Prestatie-inkoop is een aanbestedingsvorm waarbij de opdrachtgever niet precies voorschrijft wat hij wil, maar een ingekaderde behoefte met doelstellingen gebruikt. De leverancier is tijdens dit traject de expert en hij weet het beste hoe hij een bepaald probleem kan oplossen binnen de grenzen van hun mogelijkheden. De opdrachtgever heeft juist als taak om los te laten en te vertrouwen op de kennis en kunde van de leverancier.

De leverancier neemt in deze dus de verantwoordelijkheid, verstrekt dominante informatie en is transparant over de realisatie van zijn prestaties. Maar wat doe je nou als de prestatie van de leverancier in de uitvoering geen oplossing voor het probleem blijkt te zijn?

Prestaties verifiëren

Bij samenwerken op basis van de prestatie-inkoop filosofie koopt de opdrachtgever een plan van aanpak (PvA) van de opdrachtnemer. Van dit PvA hebben beide partijen in de concretiseringsfase vastgesteld dat deze in staat is om te komen tot invulling van de projectdoelstellingen.

Dus één van de manieren om te voorkomen dat prestaties van een expert uiteindelijk niet bijdragen aan het oplossen van een probleem, is het verifiëren van deze prestaties. Aan de hand van dominante informatie dien je als opdrachtgever de prestaties van de leverancier te verifiëren tijdens de concretiseringsfase. De opdrachtgever gaat hier dus de (technische) diepte in welke ligt binnen de invloedssfeer van de opdrachtnemer.

Risicomanagement

Een vraag die begint met ‘Ja maar, wat als…’ is een goede vraag om te stellen als opdrachtgever. Hoe weet de leverancier dat hij zijn eigen risico’s onder controle heeft? Hoe weet de leverancier nu zo zeker dat zijn oplossing mogelijk is? Als de leverancier bijvoorbeeld zegt ‘Ik heb rekening gehouden met een staalprijs van € 50 per meter’, hoe weet je als opdrachtgever nu dat dit een goed uitgangspunt is? Wat gebeurt er als de prijs verandert of de beschikbaarheid een ‘ding’ wordt?

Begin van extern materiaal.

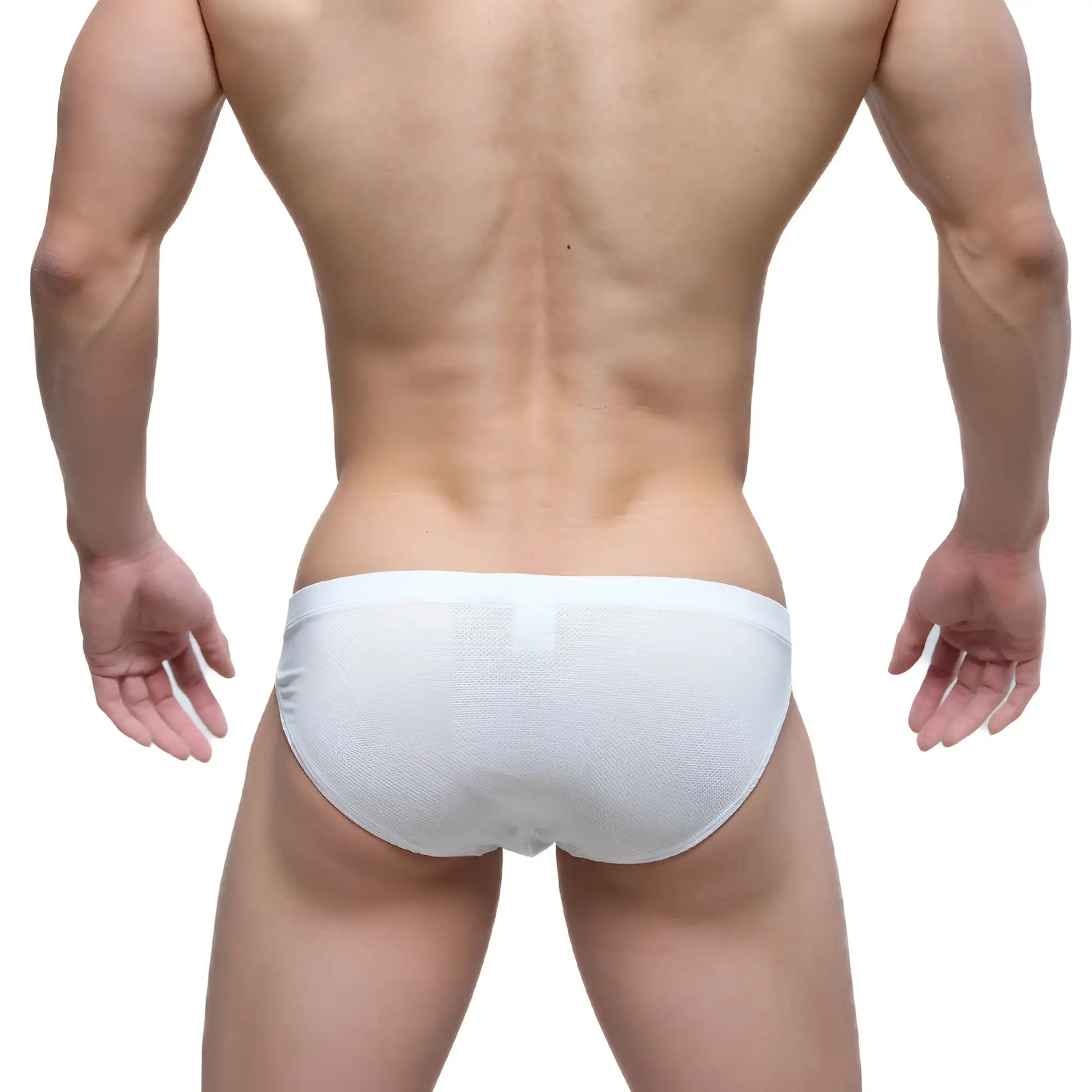 MetroMalewear nieve bikini 5103-M00 white textured briefs with smooth elastic waistband for comfortable fit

Een expert-leverancier dient antwoord te hebben op dit soort vragen en scenario’s. Dit maakt hem zo goed mogelijk voorbereid op de uitvoeringsfase en maakt het dat er zo min mogelijk verrassingen (onvoorziene gebeurtenissen) kunnen gebeuren.

Opnemen in zorgendossier

Het beste doe je eraan om dergelijke vragen en antwoorden op te nemen in het zogenaamde ‘zorgendossier’. Hierin neem je de vraag (zorg) op, het antwoord en de datum. Dit dossier wordt vervolgens onderdeel van het contract. Zo kun je van beide kanten in de uitvoeringsfase beter vaststellen wanneer een gebeurtenis echt onvoorzien was.

Bijstellen van prestaties

Blijkt tijdens de uitvoeringsfase dat de te leveren prestaties bijgesteld moeten worden, dan is dat een onvoorziene gebeurtenis. De informatie uit de concretiseringsfase helpt daarbij om dit aan te tonen. Een tweede aspect wat kan helpen is door aan te tonen dat zaken nog ‘nooit’ eerder zijn voorgekomen in de markt. Je hebt hier wel aantoonbare feiten nodig om aan te kunnen tonen dat je als opdrachtnemer zaken niet hebt kunnen voorzien.

Wie betaalt?

Extra kosten of uitloop is natuurlijk iets wat we altijd proberen te voorkomen. Niemand vind het fijn om extra geld te vragen. Mocht het zo zijn dat de feiten aantonen dat zaken die zich voordoen onvoorzien zijn (dus ook al betreft het de prestatie van de leverancier) dan zijn de consequenties in geld, tijd en/of productaanpassing uiteindelijk voor de opdrachtgever. Goede verificatie van de prestatie en de risico’s en het stellen van ‘wat als’-vragen zijn goede zaken om dit zoveel mogelijk te voorkomen.